All articles created or submitted in the first twenty years of the project, from 1995 to 2015.

Clarke, Minnehaha

1864-1893
Congregational
Angola

Minnehaha Clarke, Canadian missionary to Angola, was born in Guelph, Ontario, where her father, William Fletcher Clarke, was minister of the local Congregational church. At the time of her birth, one of her older brothers was dying, and he was given the privilege of naming his baby sister. The young child and his brothers and sisters were familiar with Longfellow’s poem Hiawatha, published nine years earlier, in which the hero marries Minnehaha, or Laughing Water. So it was that Minnehaha received her unusual name.

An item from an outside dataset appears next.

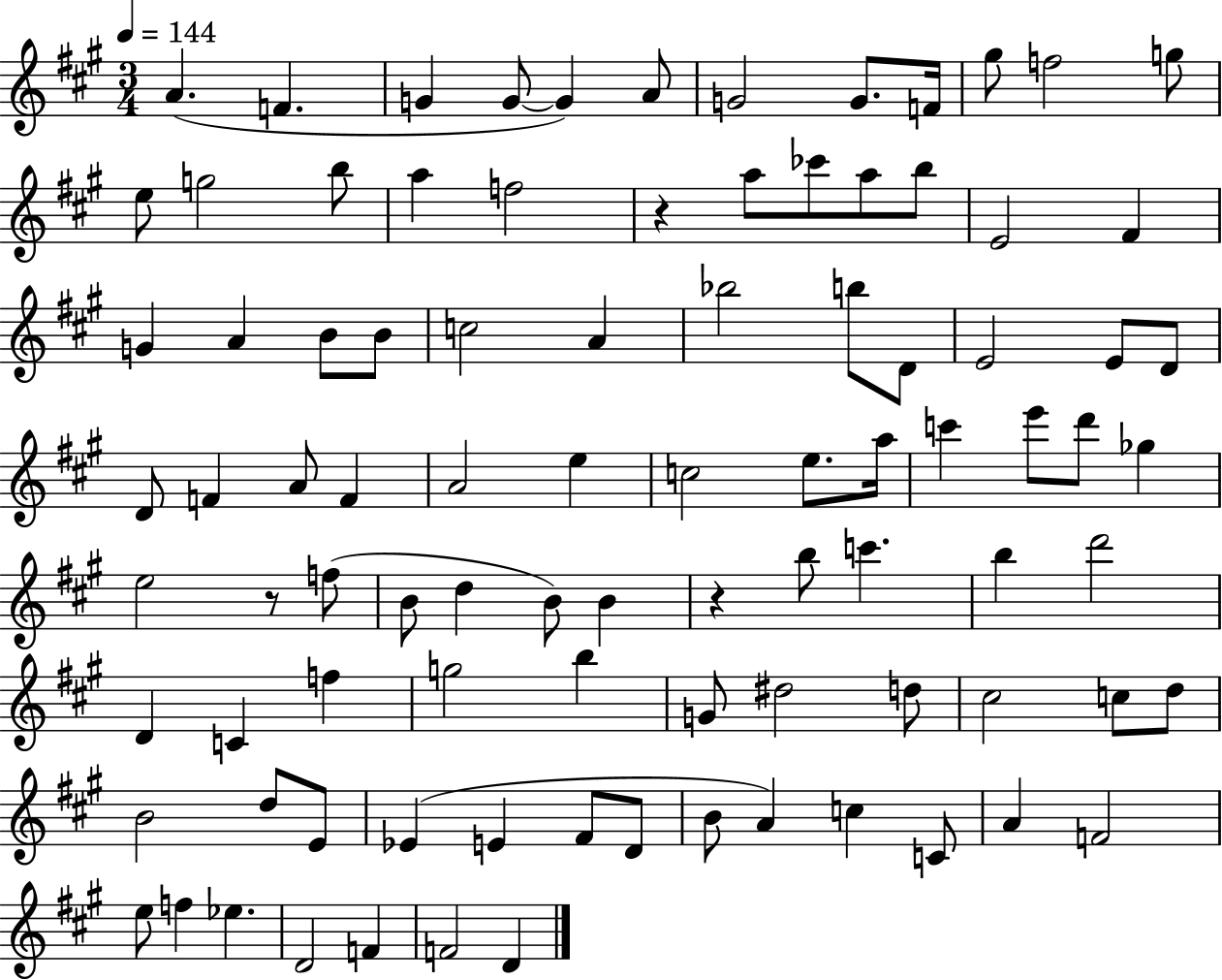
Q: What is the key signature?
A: A major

After Minnie Clarke finished high school and received instruction in teaching at the local Model School, she received a Third Class Certificate and began to teach. She wanted more preparation, however, and so at the beginning of 1889, she entered the Normal School in Ottawa. In the Congregational church in Ottawa, she met John and Henrietta Wood. John had been the Missionary Secretary of the Congregational church, and Henrietta shared his passion for missions. In 1885 she had been named convener of a committee set up to make recommendations about forming a woman’s missionary society within the denomination. A year later, when the society was organized in her Ottawa parsonage, she was chosen to be its first vice-president. Soon she led the women of her own congregation to form a local auxiliary of the new society. When Clarke went to Ottawa to the Woods’ church and home, she, too, was caught up in the enthusiasm for foreign missions.

So it was that while she was in Ottawa during the spring of 1889, Minnie Clarke applied to the American Board of Congregational Missions. She said that she was willing to go wherever they might send her, but she had a preference. The Congregationalists had begun to send married couples to West Central Africa; their first missionary in that field reported on the need for a single woman who could teach the girls at his mission station. It was Clarke’s particular desire to be that pioneering single woman.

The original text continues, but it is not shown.